The method used in the paper measured the amount and spread of nitrogen-15 and carbon-13 isotopes found in 323 cave bear fossils to those of other European mammals from the same timespan. Food and water contains different levels of nitrogen-15 and carbon-13 and, when consumed, these isotopes are stored in bodily tissues such as bone and collagen. So, even though there are no living cave bears, their bones can tell us a lot. Both nitrogen-15 and carbon-13 are stable, meaning that they do not change over large amounts of time, and reliably represent the isotopes found in the food sources of the animals from which they were collected. For instance, primarily plant-eating animals (e.g. deer) will have different ratios of nitrogen-15 and carbon-13 in their bones than animals that eat meat (e.g. lions).
To understand if two things are related, scientists visualize the data using a “scatter plot.” Each point on a scatter plot represents a coordinate made up of a pair of numbers, like on a map. One number in the pair comes from one dataset and one number in the pair comes from the other dataset. If there is a pattern in how the points fall on the map, we may be able to assume they are related. If the points are randomly scattered around, then there may not be a relationship. By plotting the nitrogen-15 levels against carbon-13 levels for each animal to see where the points fall, scientists can estimate how similar any two diets are. The way scientists know this measurement is useful is because previous research showed that nitrogen-15 found in bones is directly related to the type of food eaten by an animal
Surprisingly, cave bear diets did not appear similar to those of known carnivores (e.g. cave hyenas and wolves). They were much closer to herbivores (e.g. deer and horses). Each group of animals on the scatter plot represented a particular environment or dietary preference. The nitrogen-15 levels in the bones of cave bears were more similar to currently living herbivores, so perhaps these bears didn’t eat as much meat as we thought. Prior to this publication, tooth and jaw anatomy were the main source of evidence for the diet of extinct animals. A similar method was tried in 2008 and it gave the first evidence that cave bears might have preferred plants over meat; the most recent article gave further support for herbivorous bears.

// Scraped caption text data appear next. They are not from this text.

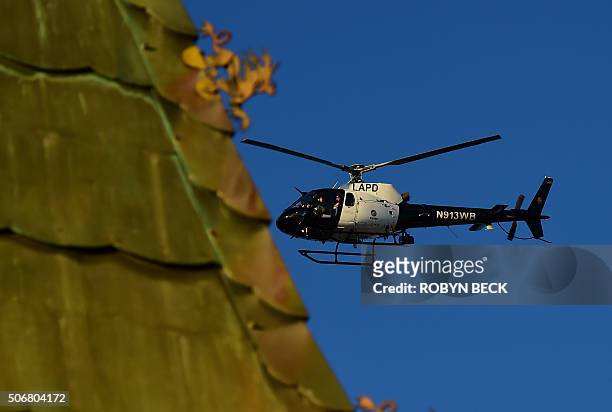 Los Angeles Police Department helicopter flies over the TCL Chinese Theatre in Hollywood, California before the start of the red carpet ceremony for...
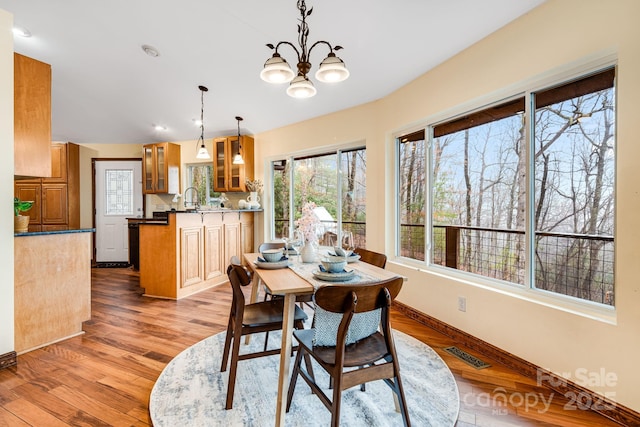 830 Fortescue Rd, Zirconia, NC 28790 - dining area featuring plenty of natural light, wood finished floors, visible vents, and an inviting chandelier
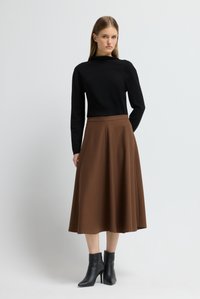 Frau steht in einem schwarzen Langarmoberteil, einem braunen Midikleid und schwarzen, hochhackigen Stiefeletten vor einem schlichten Hintergrund.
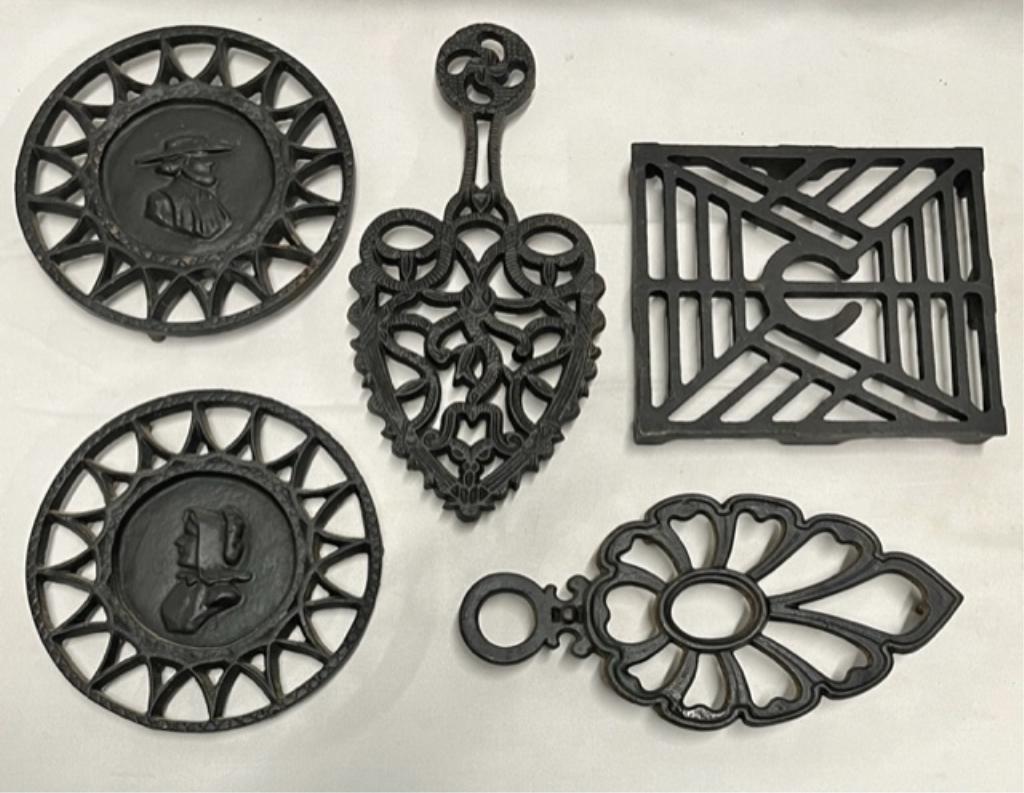 5 Assorted Wrought Iron Trivets: 5 Assorted wrought Iron Trivets. -Pair of 6 1/2" round Amish man and woman. #293. -9" Iron. -7" x 6" Grate with C Initial in center. #6644. -Iron Trivet. Marked J.Z.H. 1948. Photos are considered part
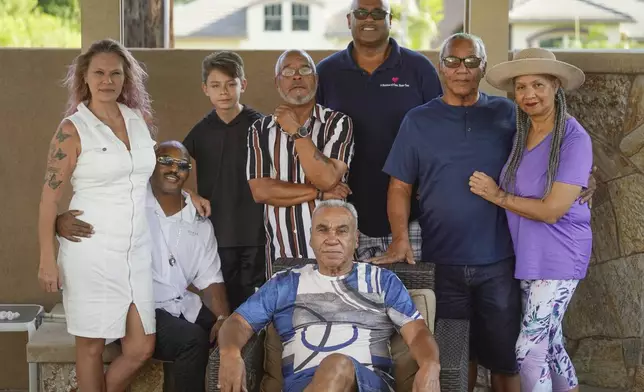 Descendants of Nelson Bell, from left: Tami More, with husband Trent Mure, and son, Armani, William Woolery, Louie Hoops and brothers, Milford Fonza, sitting center, and Elmer Fonza with wife, Carolyn, pose for a picture in Glendora, Calif., on Friday, Sept. 8, 2023. (AP Photo/Damian Dovarganes)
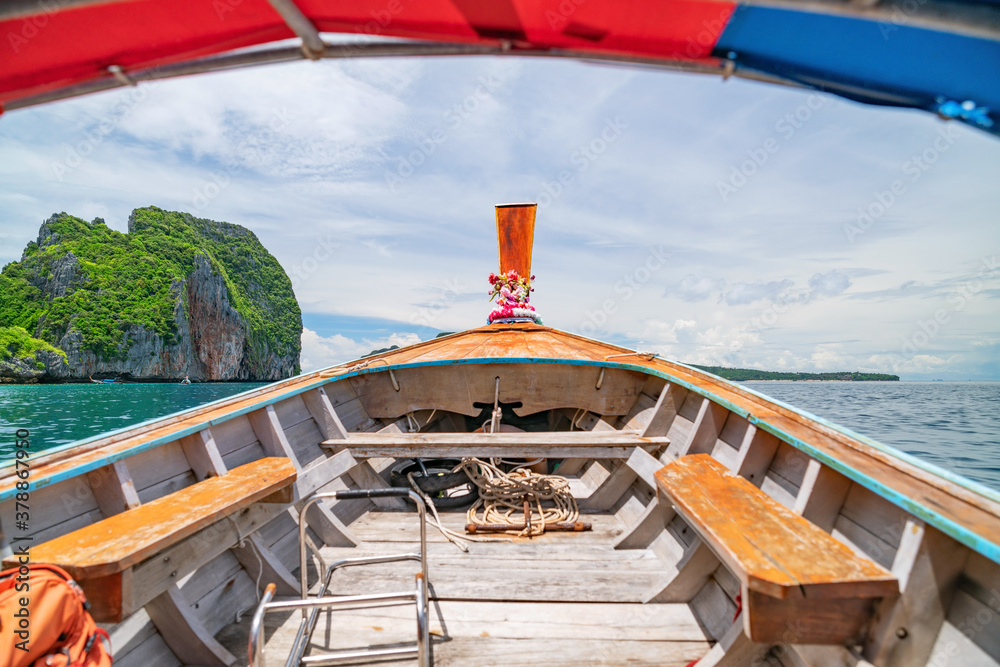 Traditional wooden longtail boat against steep limestone hills in phi phi island krabi province Thai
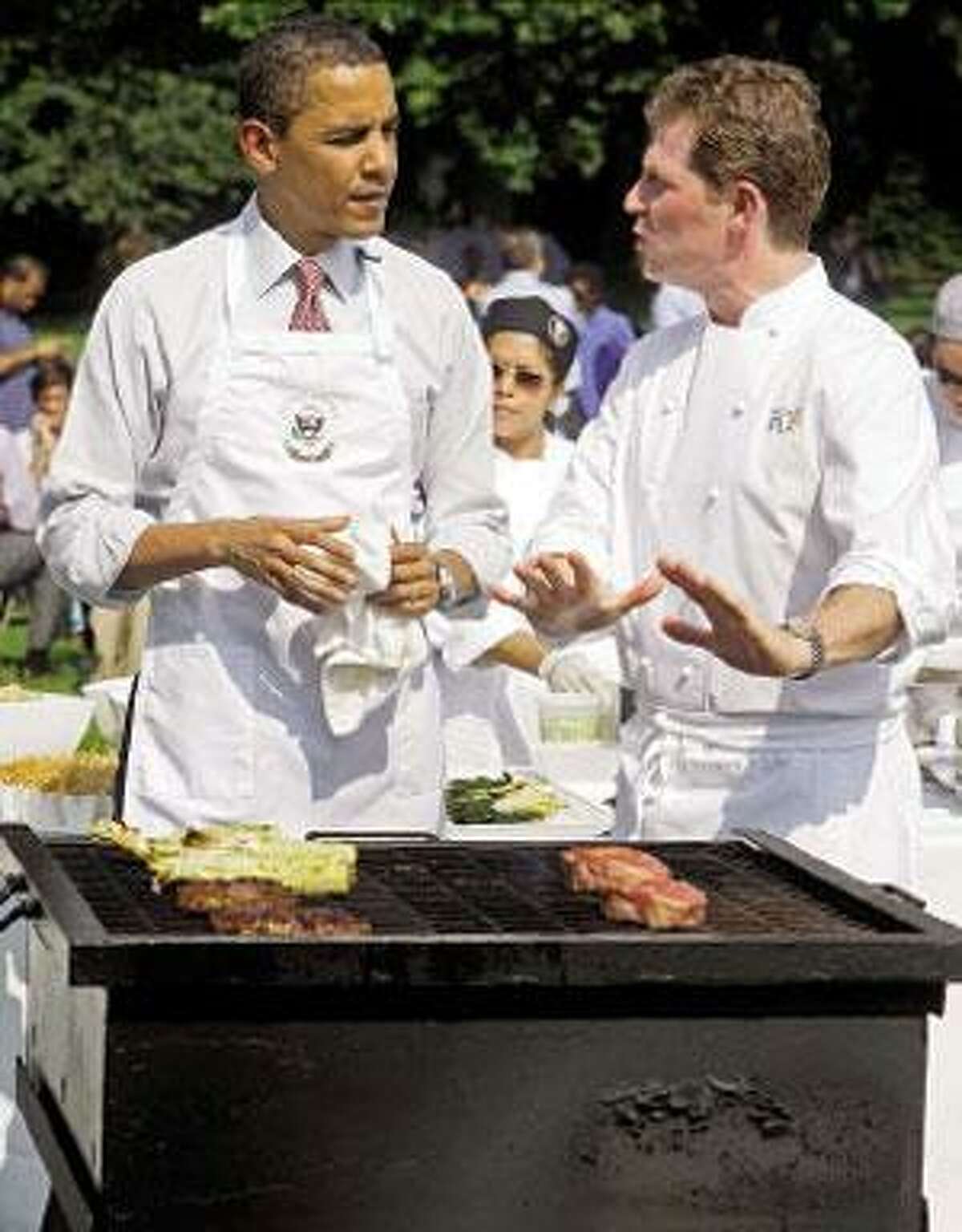 Even President Barack Obama needed a few grilling tips from chef Bobby Flay shown here on the South Lawn of the White House. (Haraz N. Ghanbari/Associated Press)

The authors suspect that the diet of cave bears may have been a factor that lead to their extinction, as they were unable to adapt their diet to a changing climate. An omnivorous diet is more resistant to environmental changes as it does not focus on one form of nutrition. This means that once the plant life that composed most of the cave bear’s diet began to die out, they had fewer options for food. The climate during the Late Pleistocene (126,000 – 12,000 years ago) was volatile, and the cave bear population declined during the last ice age. This study offers one more explanation for why cave bears went extinct, like the mammoths, giant ground sloths, and other large animals of the time.